Media might be the key educator on crime risks, and informed consumers

Dr. Shah Md Ahsan Habib, Professor, BIBM
  08 Oct 2023, 00:00

For more than a century, business and financial executives and researchers have understood that media coverage has benefits and disadvantages. For stability in the banking and financial industry in any country, active and responsible roles on the part of the media are crucial. The areas of media concern range from governance, transparency, financial performance, financial crime, and financial literacy which have implications for the financial stability of the banking industry. The role of media in corporate governance is not limited to exposing wrongdoing, rather media can serve as a channel for banks to demonstrate their commitment to sound governance practices. Media may have a significant impact on the corporate governance landscape of the banking sector by providing information, promoting accountability, influencing public opinion, and contributing to regulatory and market dynamics. Media is expected to report on best practices in corporate governance within the banking industry that can serve as a guide for banks to adopt improved governance structures and processes. When the media highlights corporate governance problems in the banking sector, regulators may take notice and initiate investigations or introduce new regulations to address these issues. Media may act as a basic source of information for the public, investors, and regulators regarding the activities and performance of banks covering financial results, executive compensation, governance structures, corporate social responsibility initiatives, etc.

Individuals and firms should seek information from multiple sources, verify facts, and consult with financial professionals when making important financial decisions. The media serves as a critical channel for disseminating information about banking practices, policies, and regulations to the public including reporting on interest rates, fees, financial products, changes in banking laws and regulations, etc. Financial journalists and analysts provide insights into the banking sector's performance, trends, and risks. Their analysis can help investors, policymakers, and the general public understand the health of banks and the broader financial system.

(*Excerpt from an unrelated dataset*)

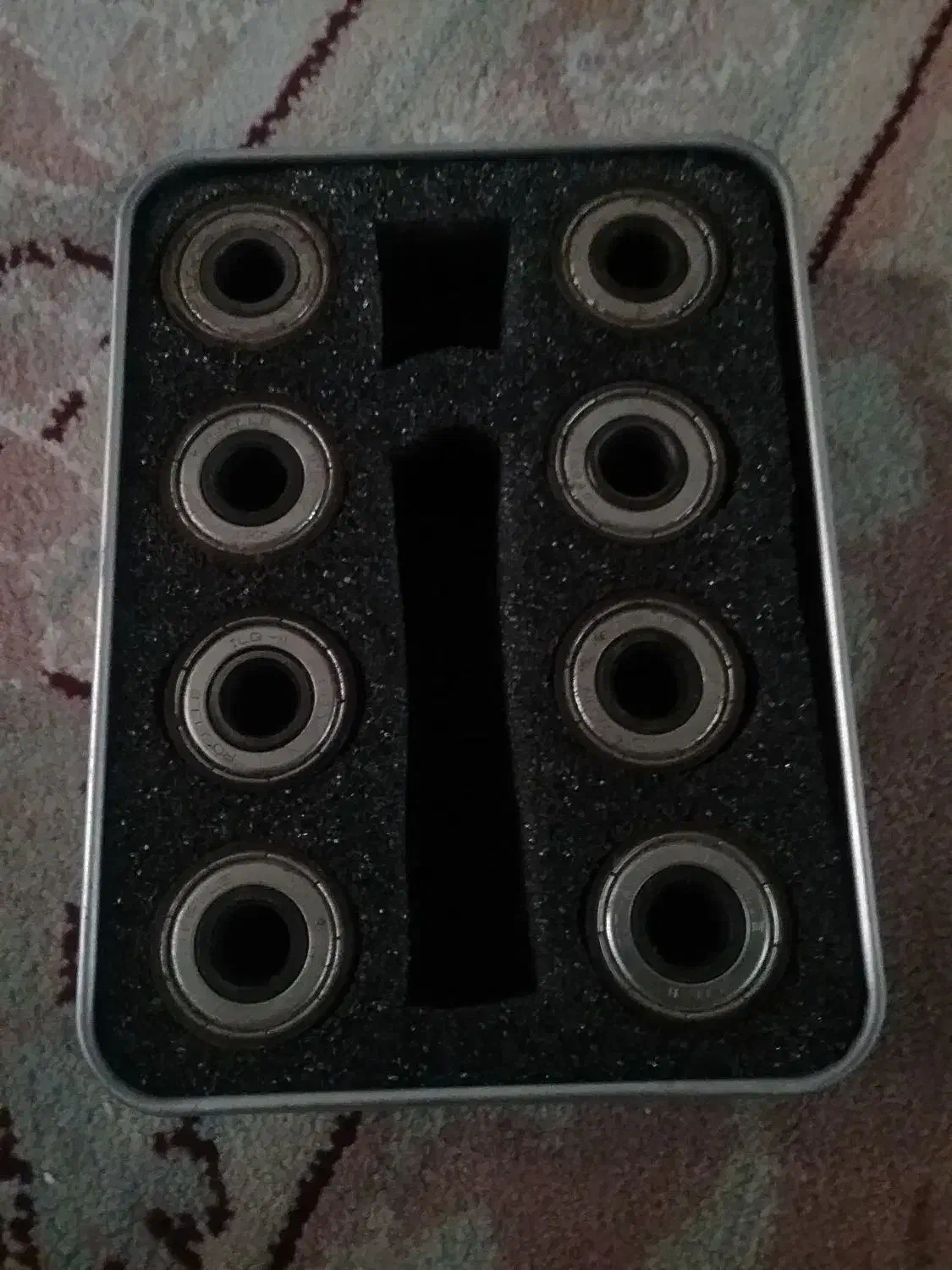 بلبرینگ اسکیت الکیو یازده|دوچرخه، اسکیت، اسکوتر|اهواز, زیتون کارمندی|دیوار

Investigative journalism and in-depth reporting by media can expose unethical or fraudulent behaviour within banks that can lead to public scrutiny, regulatory investigations, and legal action against individuals or institutions. Investigative journalists often uncover financial crimes, corruption, and unethical practices in the banking sector. It can offer a platform for whistleblowers to come forward with information about criminal activities in the banking industry. Transparent reporting allows the public to be informed about the actions taken against financial institutions involved in criminal activities. Public exposure to these issues can lead to regulatory reforms and legal actions against wrongdoers. The media sometimes investigates and reports on cases of money laundering, especially those involving high-profile individuals or organizations. Their reporting can lead to increased public awareness and government action against money launderers. While reporting on crimes and misconduct may initially erode trust in the banking sector, it is essential for rebuilding trust in the long run. Trust can only be restored if the problems within the industry are acknowledged, addressed, and corrected. Media might be the key educator on crime risks, and informed consumers with better equipped to protect themselves and their assets, reducing the likelihood of falling victim to financial crimes.

Financial literacy is a key determinant of a sound banking system. Media, including newspapers, television, radio, websites, and social media platforms, disseminate information about financial topics, such as banking and stock market updates, economic indicators, and personal finance tips. Media often feature programs, articles, and segments dedicated to educating the public about various financial concepts, such as budgeting, saving, investing, and retirement planning. Financial experts, analysts, and advisors are frequently featured in the media, sharing their knowledge and insights. Media may also partner with government agencies, nonprofits, and financial institutions to promote financial literacy campaigns and initiatives. These collaborations can raise awareness and reach a broader audience. Financial journalists also need literacy and capacity development that involves strengthening the skills, resources, and infrastructure necessary for effective and responsible reporting on banking and financial matters. This is crucial for ensuring that the media can provide accurate, balanced, and informative coverage of the banking sector, which is essential for informed decision-making by the public and stakeholders.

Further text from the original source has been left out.